In Miller v. Brown, the Fourth Circuit in an opinion by District Judge Goodwin reversed the District Court's dismissal for lack of standing and lack of ripeness in the case challenging Virginia's open primary statute, Va. Code § 24.2-530, which says simply: " All persons qualified to vote, pursuant to §§ 24.2-400 through 24.2-403, may vote at the primary. No person shall vote for the candidates of more than one party."
The plaintiffs sent some kind of notice to the State Board of Elections about how they want their primary in 2007, then filed suit to challenge the statute.

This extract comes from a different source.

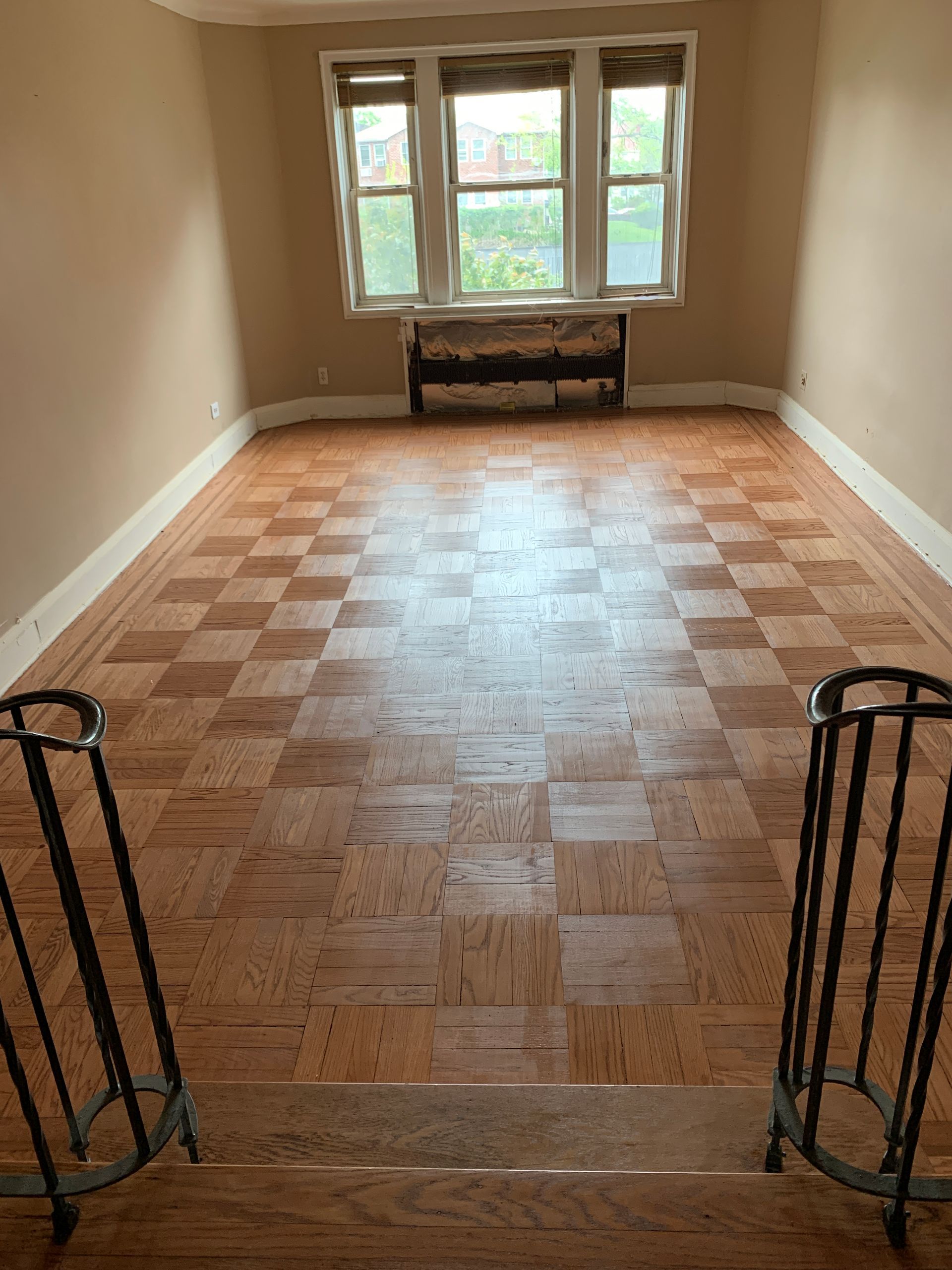 Empty room with checkered wooden floor, window, and metal railing.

The Court agreed that 2007 is not so far away as to make the case non-justiciable: "Knowing that voters wholly unaffiliated with the plaintiffs’ party will participate in their primary dramatically changes the plaintiffs’ decisions about campaign financing, messages to stress, and candidates to recruit. Because campaign planning decisions have to be made months, or even years, in advance of the election to be effective, the plaintiffs’ alleged injuries are actual and threatened."

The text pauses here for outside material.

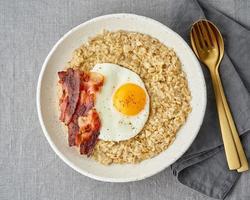 aveia, ovo frito e bacon frito. saudável café da manhã de alto teor calórico, fonte de energia. foto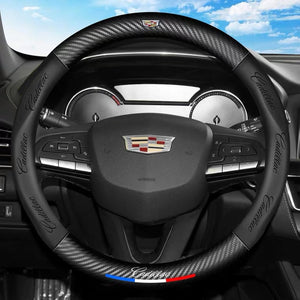 Steering wheel with Cadillac logo and carbon fiber texture against a blue sky background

For reasons I've forgotten, the Jaded JD is the expert on this case, knows it inside and out, predicted the outcome of the appeal, and has this preliminary post on what the appeals court decision does not mean.
One thing that occurred me just now, as I was writing a note to the Jaded JD, is that if the case is appealed again, normally the same panel would get the case, but would that be true with a District Judge on the panel? I don't know the answer. Judge Goodwin certainly is able to articulate the plaintiff's arguments, whether or not he agrees with them.